Jansen GF., Krins A., Basnyat B.
The purpose of this study was twofold: 1) to determine whether at high altitude cerebral blood flow (CBF) as assessed during CO2 inhalation and during hyperventilation in subjects with acute mountain sickness (AMS) was different from that in subjects without AMS and 2) to compare the CBF as assessed under similar conditions in Sherpas at high altitude and in subjects at sea level. Resting control values of blood flow velocity in the middle cerebral artery (VMCA), pulse oxygen saturation (SaO2), and transcutaneous PCO2 were measured at 4,243 m in 43 subjects without AMS, 17 subjects with AMS, 20 Sherpas, and 13 subjects at sea level.
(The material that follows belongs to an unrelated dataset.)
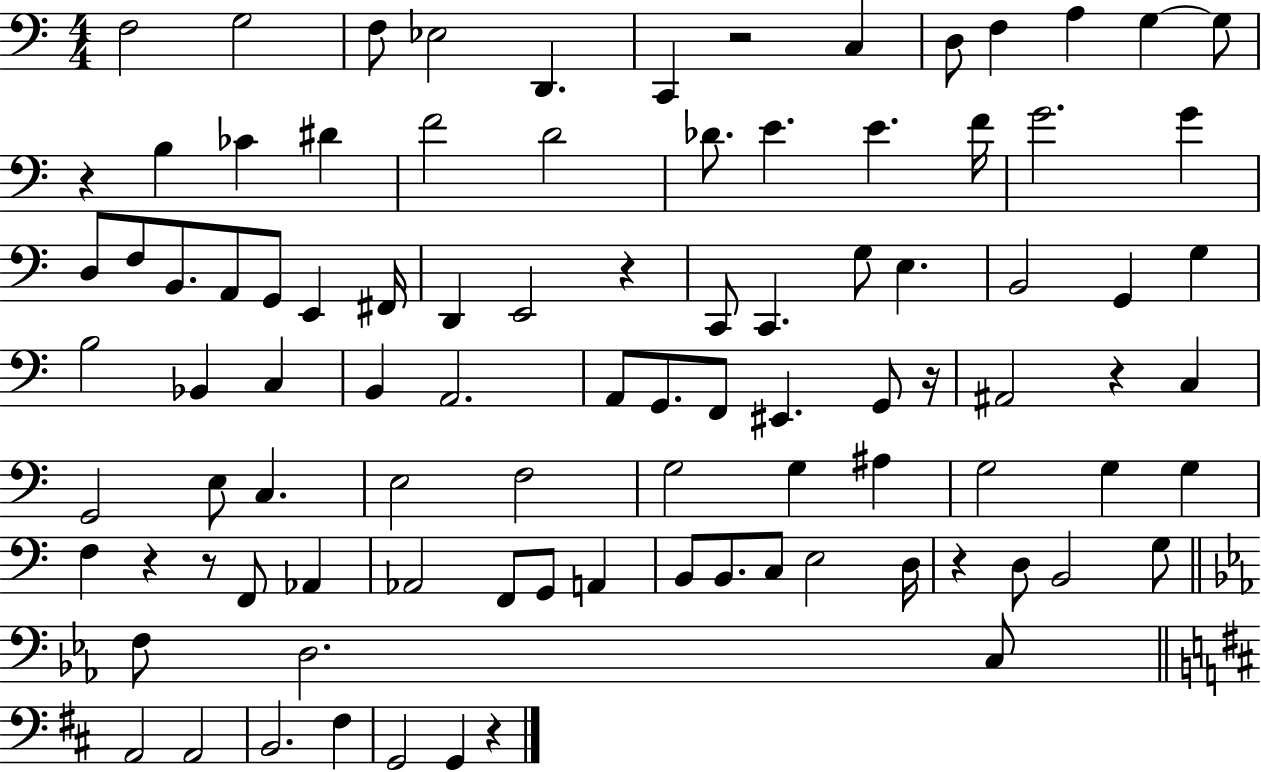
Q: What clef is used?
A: bass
Responses of CO2 inhalation and hyperventilation on VMCA, SaO2, and transcutaneous PCO2 were measured, and the cerebral vasomotor reactivity (VMR = DeltaVMCA/PCO2) was calculated as the fractional change of VMCA per Torr change of PCO2, yielding a hypercapnic VMR and a hypocapnic VMR. AMS subjects showed a significantly higher resting control VMCA than did no-AMS subjects (74 +/- 22 and 56 +/- 14 cm/s, respectively; P < 0.001), and SaO2 was significantly lower (80 +/- 8 and 88 +/- 3%, respectively; P < 0.001). Resting control VMCA values in the sea-level group (60 +/- 15 cm/s), in the no-AMS group, and in Sherpas (59 +/- 13 cm/s) were not different. Hypercapnic VMR values in AMS subjects were 4.0 +/- 4.4, in no-AMS subjects were 5.5 +/- 4. 3, in Sherpas were 5.6 +/- 4.1, and in sea-level subjects were 5.6 +/- 2.5 (not significant). Hypocapnic VMR values were significantly higher in AMS subjects (5.9 +/- 1.5) compared with no-AMS subjects (4.8 +/- 1.4; P < 0.005) but were not significantly different between Sherpas (3.8 +/- 1.1) and the sea-level group (2.8 +/- 0.7). We conclude that AMS subjects have greater cerebral hemodynamic responses to hyperventilation, higher VMCA resting control values, and lower SaO2 compared with no-AMS subjects. Sherpas showed a cerebral hemodynamic pattern similar to that of normal subjects at sea level.